In Reply to: Interesting - ok, I'll elaborate posted by Khiravn on May 24, 2000 at 11:59:16:

> **and it's tricky for necros.
>
> I disagree. I didn't find anything, at all, tricky about it. Someone is slept, then scourged/poisoned/cursed/summoned to a closed room if possible/forgotten. I don't think they're going to survive. I landed, easily, 80% of my sleep spells as a necro, and I am serious here - I can only think of once that someone survived it when someone else didn't intervene (stupid groupmate attacking early, gangbanging enemies coming to distract me). I don't think this took a particular amount of skill on my part, I think it is an easily-abused spell, like hold person used to be, or the old invoker spells used to be.

I didn't mean it's tricky to pull off- it's the same as any other opening-only attack.

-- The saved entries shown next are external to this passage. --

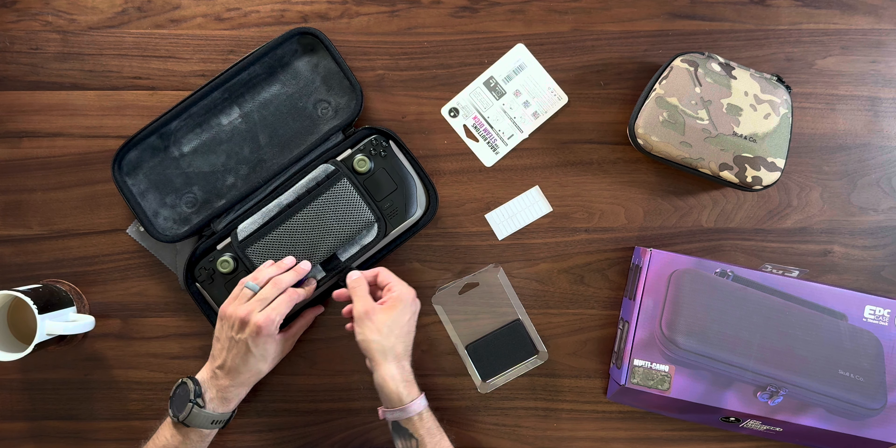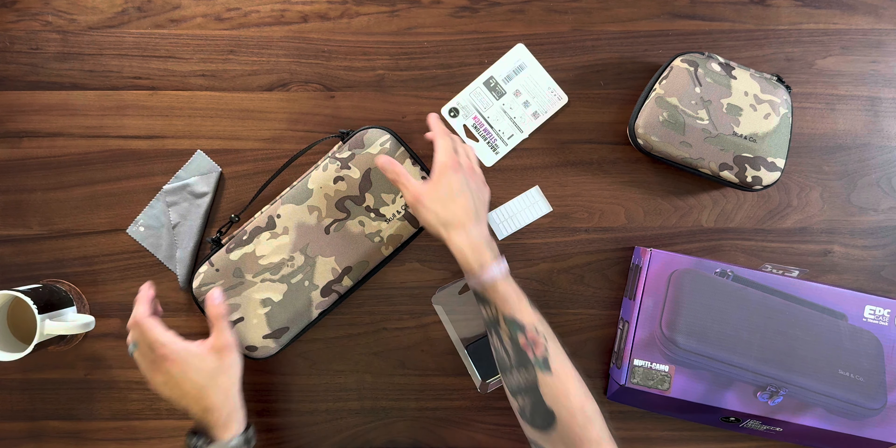That's the full loadout, guys. I'm glad they fixed the deck case because I like it more than the competitor I was using. I hope this was somewhat useful to you. If you're looking to buy any of these, you can use my discount code down below, or purchase it on Amazon or directly from them — however you want to go about it.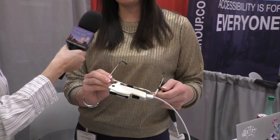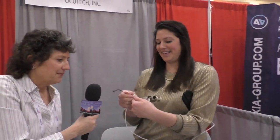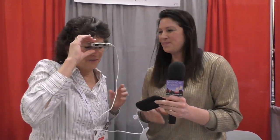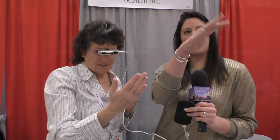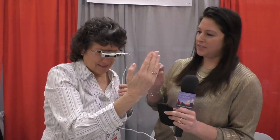It uses infrared technology. It focuses almost immediately from 13 inches to optical infinity. I'm looking at my ring — I've got my ring in focus — and I'm going to switch and look at Steve. And Steve is in focus. That's really fast. Yes, it works.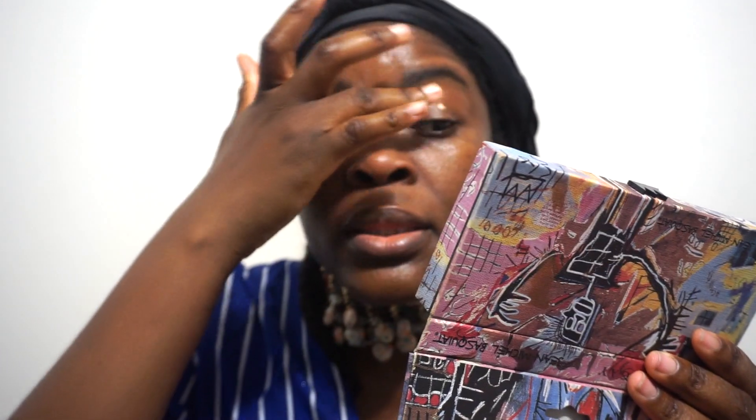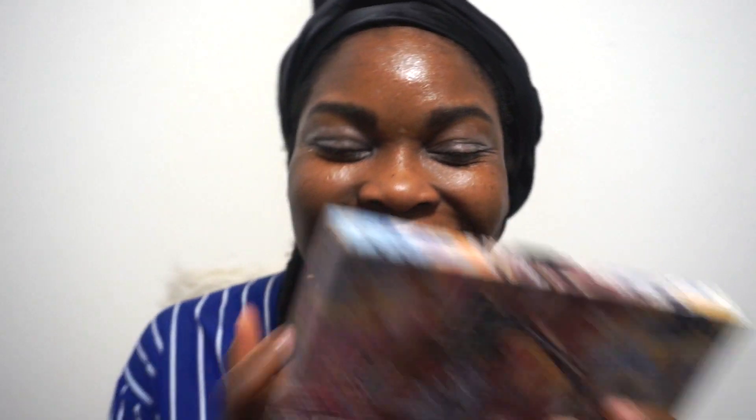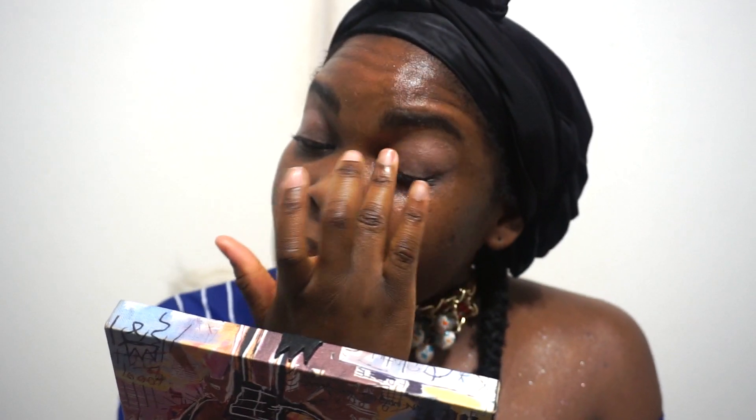I'm letting that dry and then putting on Urban Decay Primer Potion. I know some of you think other primers are better, but I just forget to pick up a new primer at Sephora. When I film sporadically I use what I already have. I'm always open to trying other things — and if I like something, I like it. We're all entitled to our own opinions.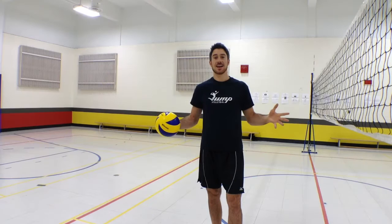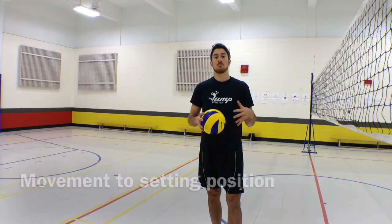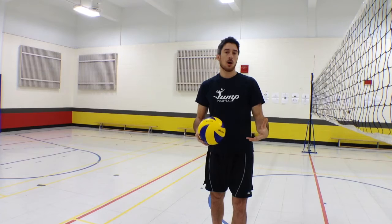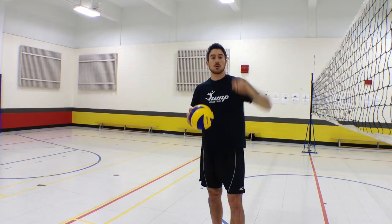Hi guys, this is LP for the Jump Volleyball Training Tip of the Week. Today we're going to talk about movement. A mistake that we see a lot in young athletes is that when you move, you don't use your arms properly. For example, when you're able to set a ball, a lot of you guys are going to run with your hands over your head. We're going to do a little demonstration here with Ben.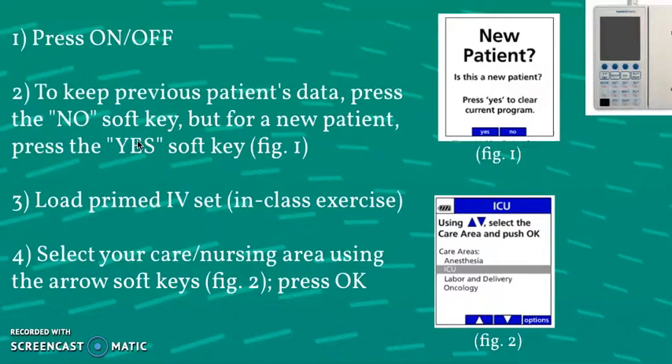Next, you'll be prompted to select a new patient or not. To keep the previous patient's data, just press no, but to program a new patient's data, press yes. The next step in reality would be to set up your IV line and insert it into the IV Line door, but we'll practice this in class. Then you'll select your care area or floor using the blue arrow soft keys and press OK to confirm.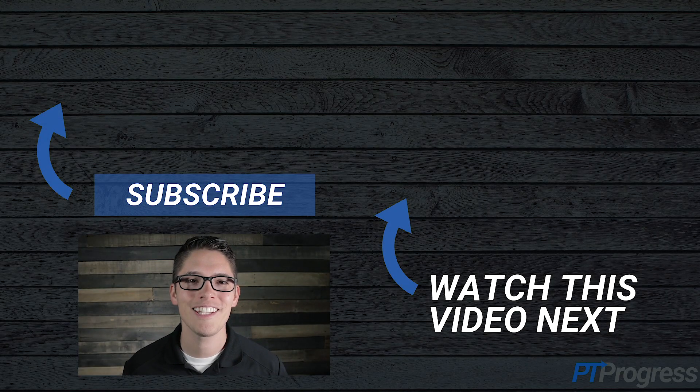Hey, if you found this video to be helpful and to the point, can you give it a like below? It really helps the channel so we can make more videos like this for you. Thanks for watching and we'll see you in the next video.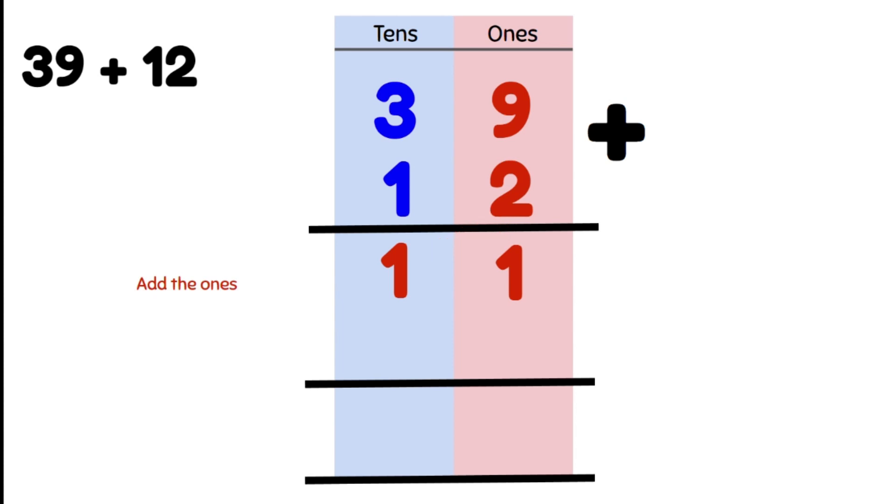Our next step is we're going to add our tens. 3 tens plus 1 ten gives us 4 tens, or 40. We have 0 ones and 4 tens, and we write it like this.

I meant it's tricky to balance necro sleep without making the level difference irrelevant or removing all value from A-P sleep.

Of your suggestions:
> 2. Make sleep easier to resist, like hold.

This seems fair, but I'd be worried about leaving A-P's with a spell like hold person- one that never seems to land.

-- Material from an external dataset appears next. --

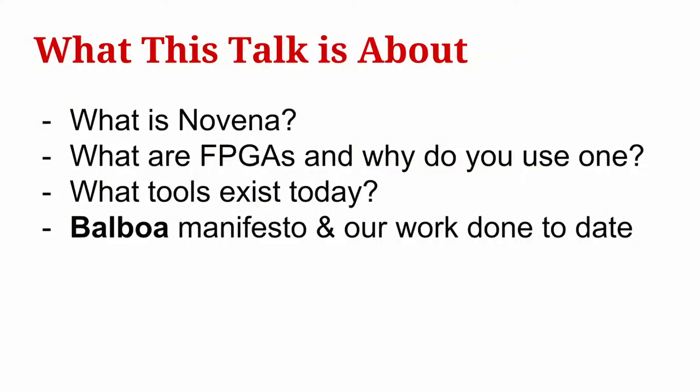First, a little bit about what this talk is about. We'll give an overview of what Novena is — the open hardware laptop and dev board we used for this project — then an overview of what FPGAs are and why you might want to use one, a summary of the tools that exist today, and finally our manifesto and an overview of the work we've done on this project to date.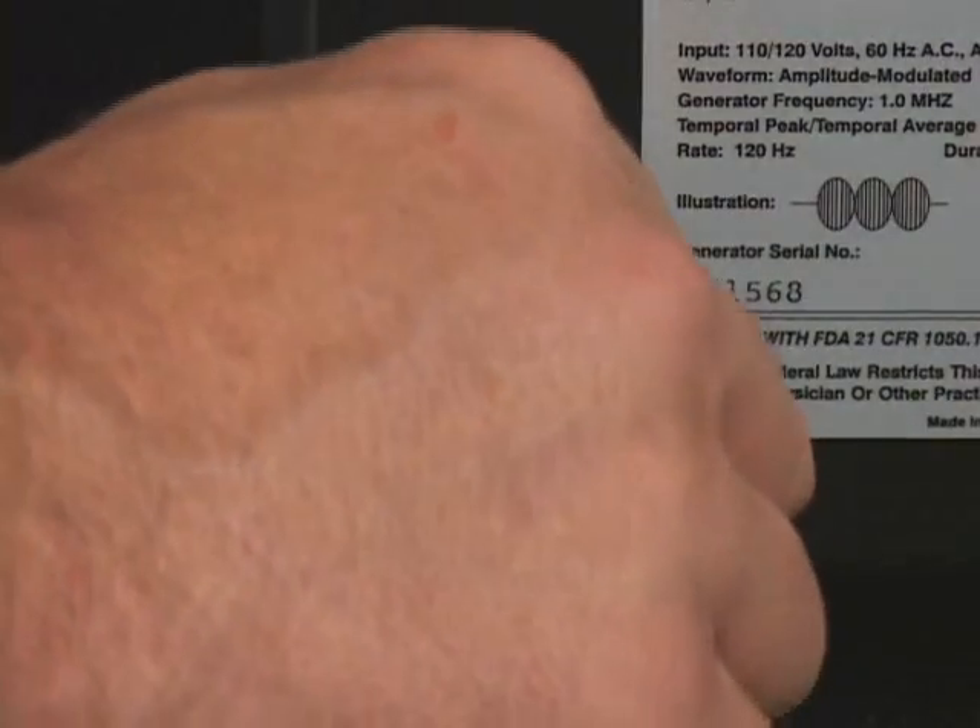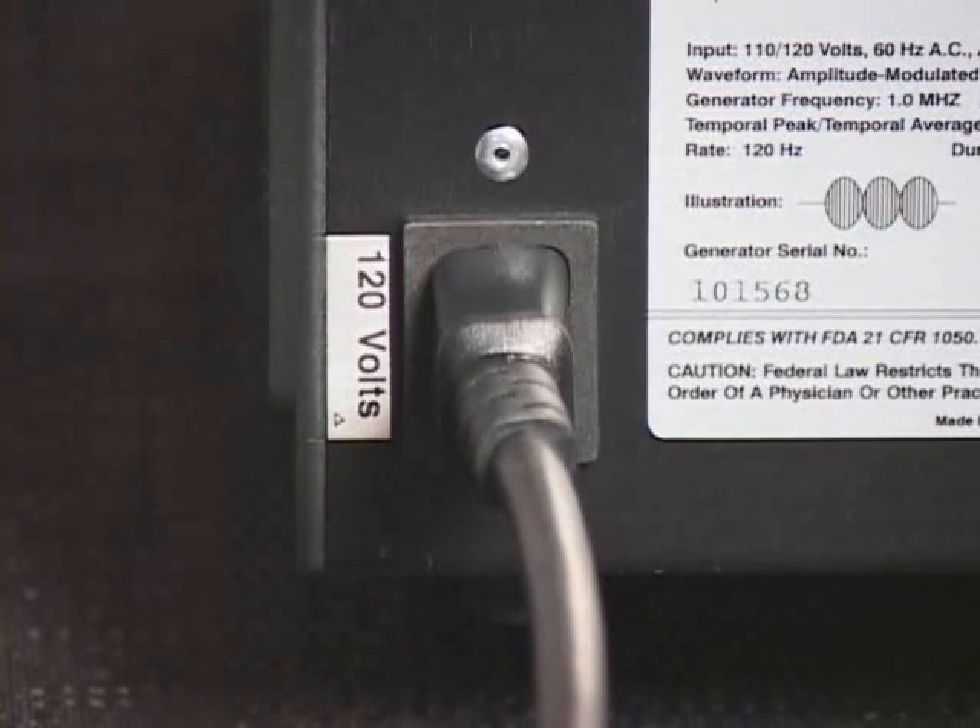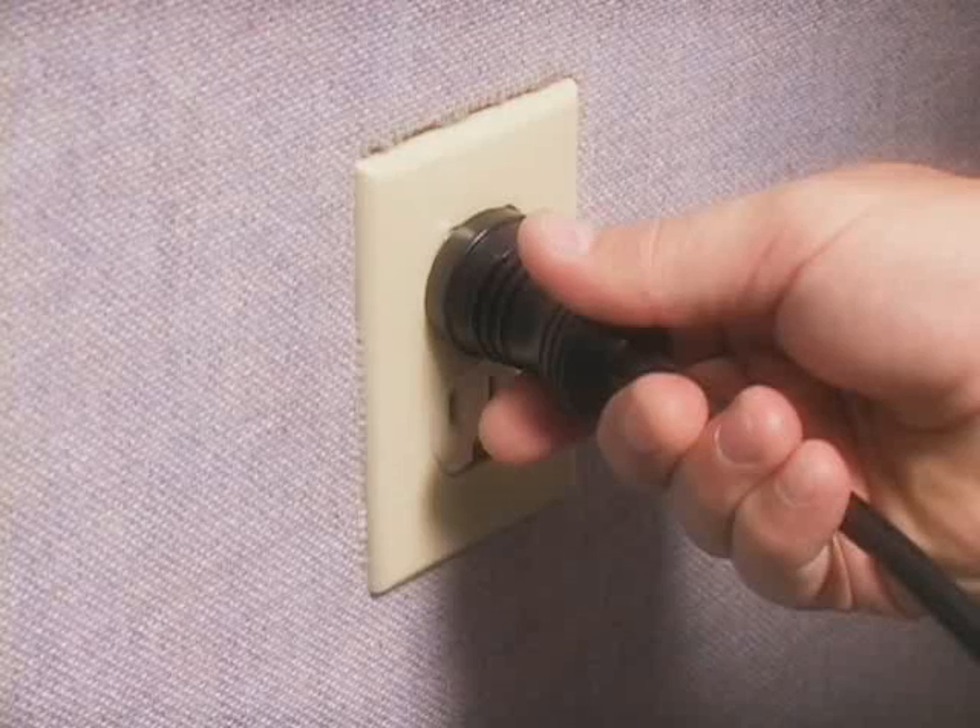In order to operate model MS-324A or MS-324AB, you must first connect the power cord to the AC receptacle on the back of the unit and insert the power cord plug into a properly grounded AC receptacle.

> 3. Make sleep a higher ranked spell, and cost more mana (since it is very close to a sure kill), post-40.

More mana is the better of the two. Making it a higher rank spell isn't going to help- the necros that really scare you are the high-level ones. More mana means that spelling you up gets a little tougher, and flee/sleep/flee/etc is weaker.

> 4. Make sleep unaffected by spellcraft.

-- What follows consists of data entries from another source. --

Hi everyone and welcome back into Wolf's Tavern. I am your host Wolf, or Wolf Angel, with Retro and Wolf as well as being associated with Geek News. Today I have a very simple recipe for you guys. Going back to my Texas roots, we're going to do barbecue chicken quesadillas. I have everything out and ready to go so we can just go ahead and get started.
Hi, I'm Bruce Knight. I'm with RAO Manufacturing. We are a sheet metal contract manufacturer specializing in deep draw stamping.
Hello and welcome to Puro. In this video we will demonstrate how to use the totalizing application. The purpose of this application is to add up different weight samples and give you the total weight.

This is equivalent, in practice to #2, except that it hurts necros, but not APs. Shouldn't necros be better than APs at spells? I'd rather see #2.

> Anyway, those are just at the top of my head, and I'm sure they might be easily picked apart on further reflection, but I attribute much of the imbalance between good/evil (and it is there) to sleep. :P Honest.

Nah. It's numbers. Try playing a loner evil guy. It's not much better.

Also: The classes have a slight bias towards evil. A breakdown:

Good: Paladins. They're an empowered class, require better-than-average roleplaying, and are therefore somewhat rare.
Good/neutral: Bards. Average numbers, somewhat powerful.
Neutral, but more likely to side with good: Druids. Perhaps the rarest of all classes.
Evil: Necromancers and A-Ps. Numerous and powerful. A-P's are fairly easy to play as well.

(I'm counting healers as "any", but they do have some bias towards evil.)

The result: You typically have a few paladins around, half of the medium pile of the bards, and a large pile of necros/APs. The rest of the classes can be as evenly distributed as they want to be.... but even within classes with no alignment bias, there's more evils than goods around- many players like rampant PKing, and it's easier to justify if you're evil.

I don't have hard numbers to back up what I have above. It's all intuition. I've always been fond of the idea of a "Theran census" by the IMMs: Count all characters on the system, and generate a report broken down by race, class, or alignment. I'm sure someone can do this, and it would be very interesting to see the numbers.